49ers will look internally for upgraded pass rush


49ers will look internally for upgraded pass rush

The collection of edge rushers in the 2018 NFL draft was not an impressive group.

It was clear the 49ers did not believe there were many upgrades over what they already had on their roster. The club did not address one of their biggest needs at any point over the three-day, seven-round draft.

“Those guys are difficult to find, first and foremost,” 49ers general manager John Lynch said. “We felt like there were a couple guys who had an opportunity to be special there. Just where we were, we didn't have an opportunity or chose not to take them.”

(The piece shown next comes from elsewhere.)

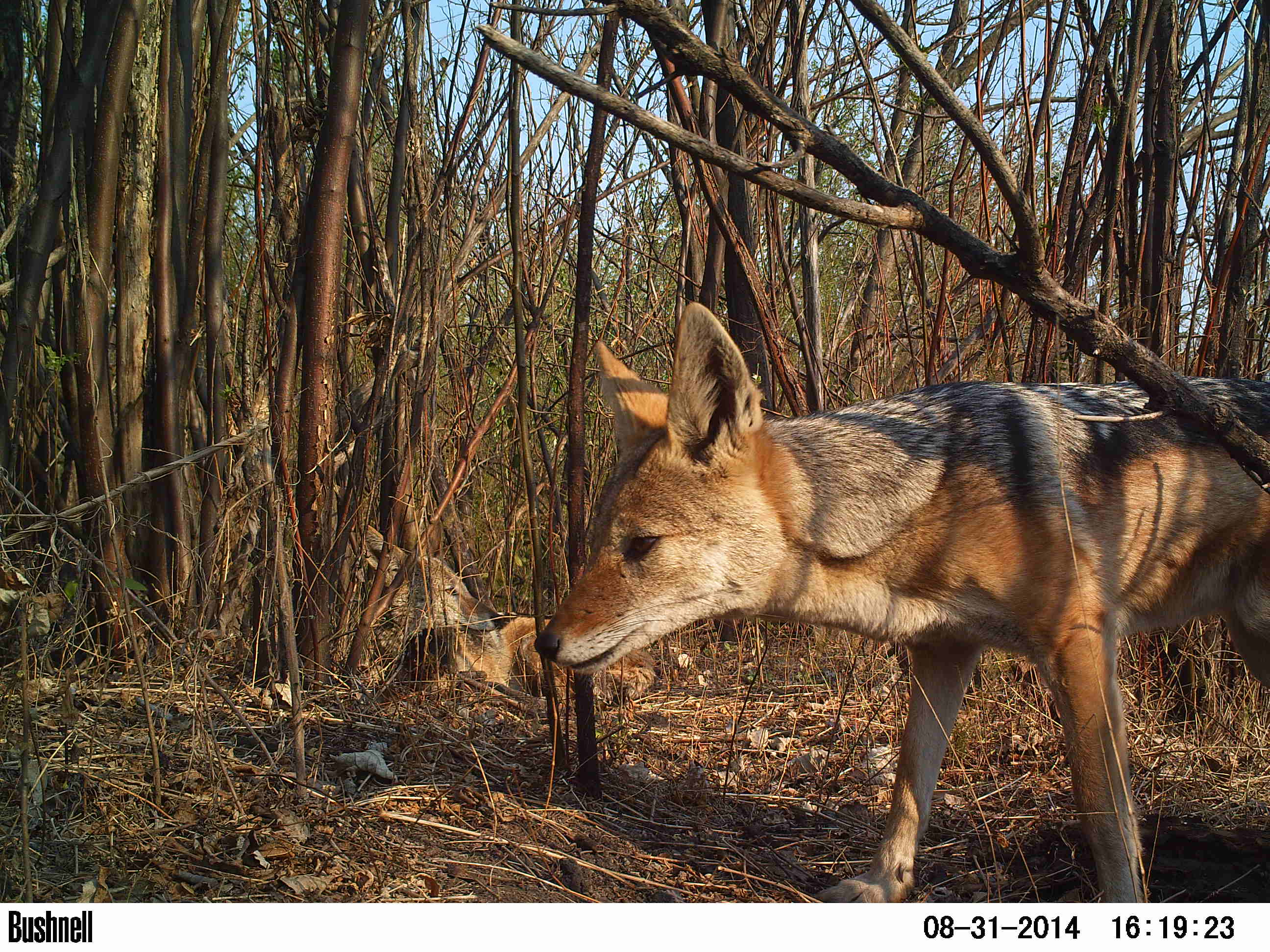 Black-backed Jackal in the Kyalami area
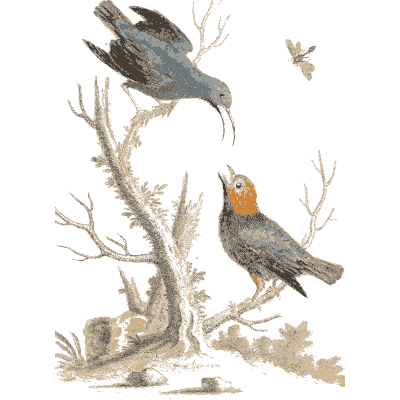 Blue bird and orange headed bird on a dead branch - A Natural History of Uncommon Birds - 1743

Lynch and coach Kyle Shanahan expressed faith that the 49ers can develop an improved pass rush with the players already on the roster. Shanahan mentioned Cassius Marsh and Arik Armstead. The group also includes DeForest Buckner, Solomon Thomas, Ronald Blair, Jeremiah Attaochu, Eli Harold and Pita Taumoepenu.

“We'd love to get a Von Miller, but you only get eight up on game day and you only get nine on our roster,” Shanahan said. “You've got to be pretty good to beat out Marsh. You’ve got to be pretty good to beat out Armstead. You don't just get guys. If you get them, someone else has got to get cut and we’ve got a pretty good group.”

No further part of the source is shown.